▶ [DIRECTIONS] Nothing should appear in the answer except the lines below from the line containing "Bezzásahové vysoušení zdiva" through the line containing "Spendenübergabe (v.l.): Kay", copied exactly, with pictures left out.

▶ [INFORMATION GIVEN]
•••

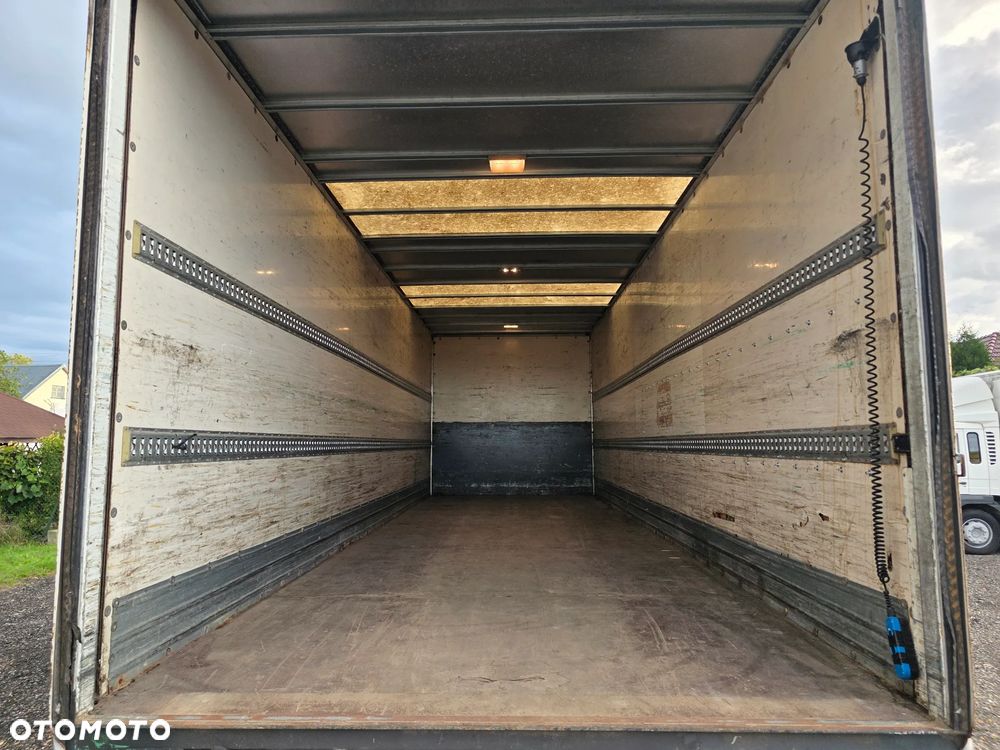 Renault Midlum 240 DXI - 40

•••

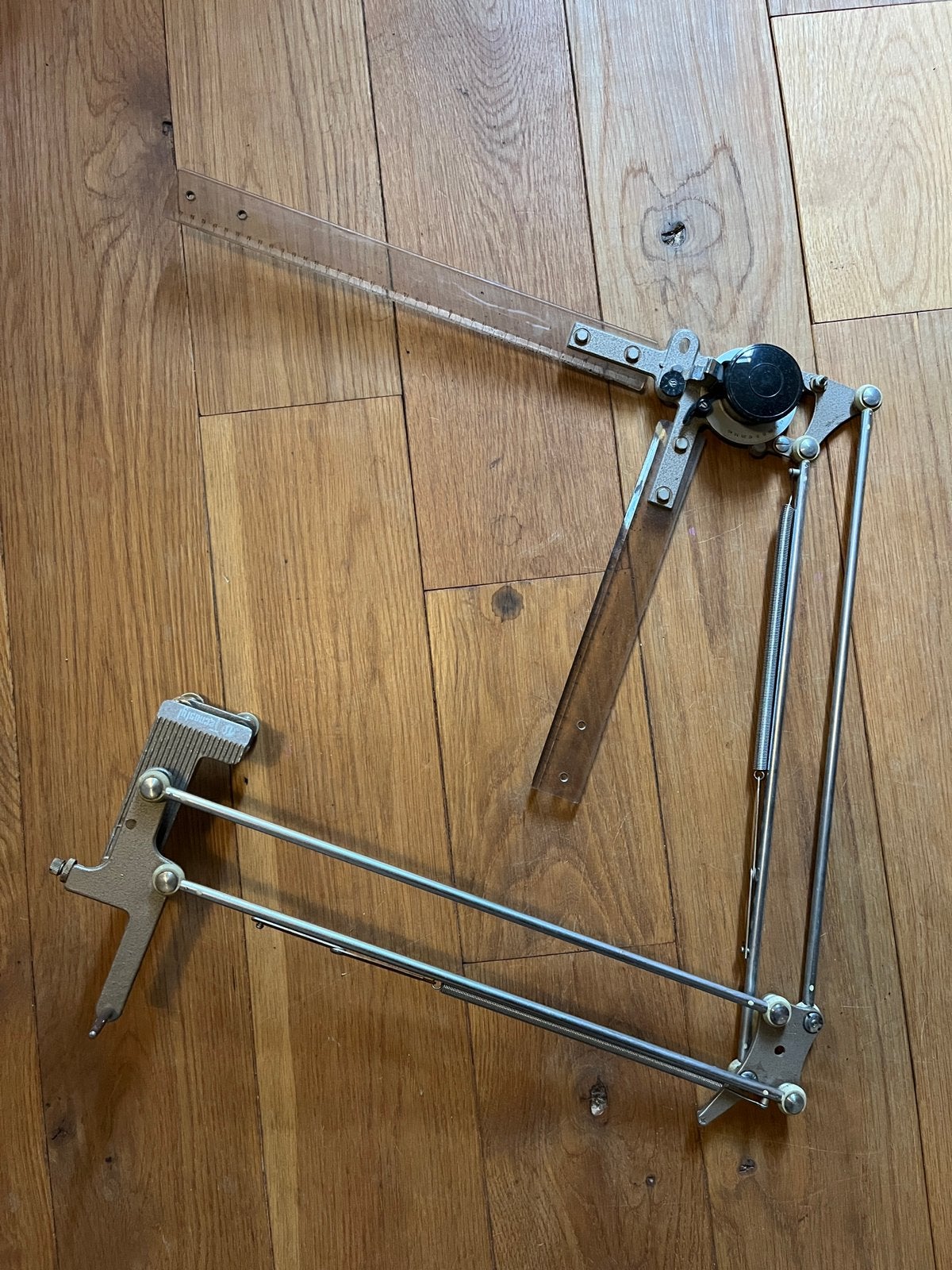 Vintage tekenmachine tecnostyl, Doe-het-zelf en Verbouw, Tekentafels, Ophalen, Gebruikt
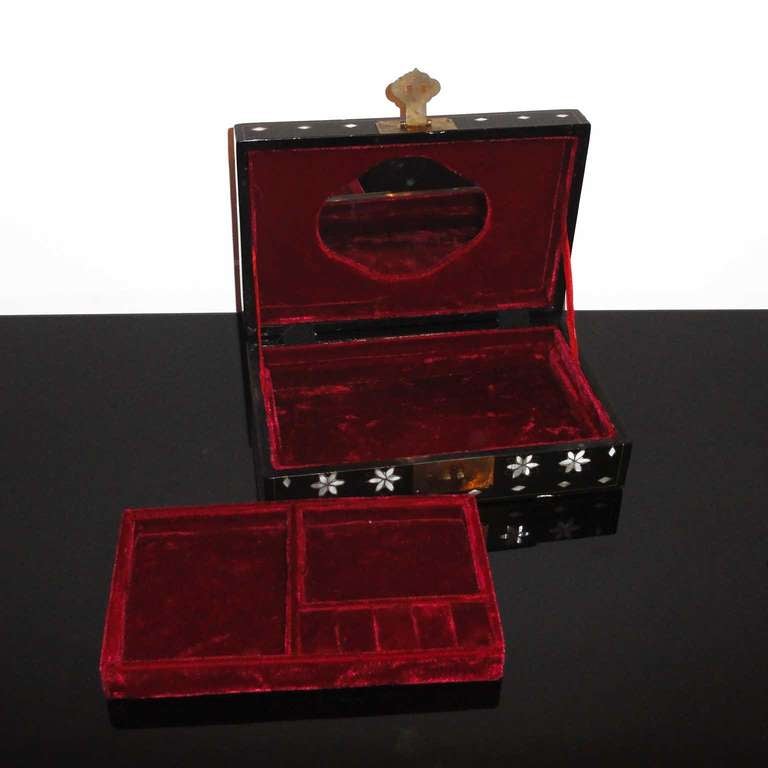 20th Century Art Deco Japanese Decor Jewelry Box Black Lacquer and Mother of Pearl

•••

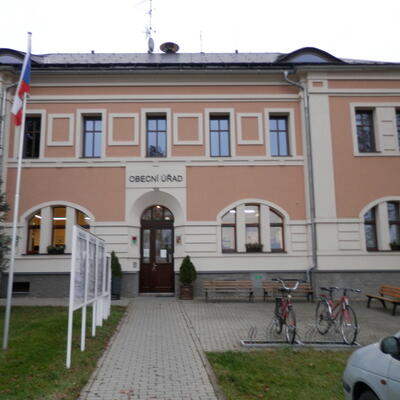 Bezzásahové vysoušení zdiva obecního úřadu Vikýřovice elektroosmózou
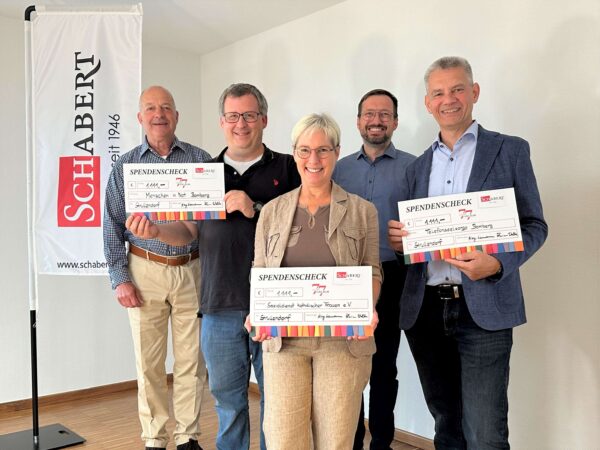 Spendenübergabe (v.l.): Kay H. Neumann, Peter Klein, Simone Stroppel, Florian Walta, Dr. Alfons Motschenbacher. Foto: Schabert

•••

▶ [ANSWER SECTION]
 Bezzásahové vysoušení zdiva obecního úřadu Vikýřovice elektroosmózou
 Spendenübergabe (v.l.): Kay H. Neumann, Peter Klein, Simone Stroppel, Florian Walta, Dr. Alfons Motschenbacher. Foto: Schabert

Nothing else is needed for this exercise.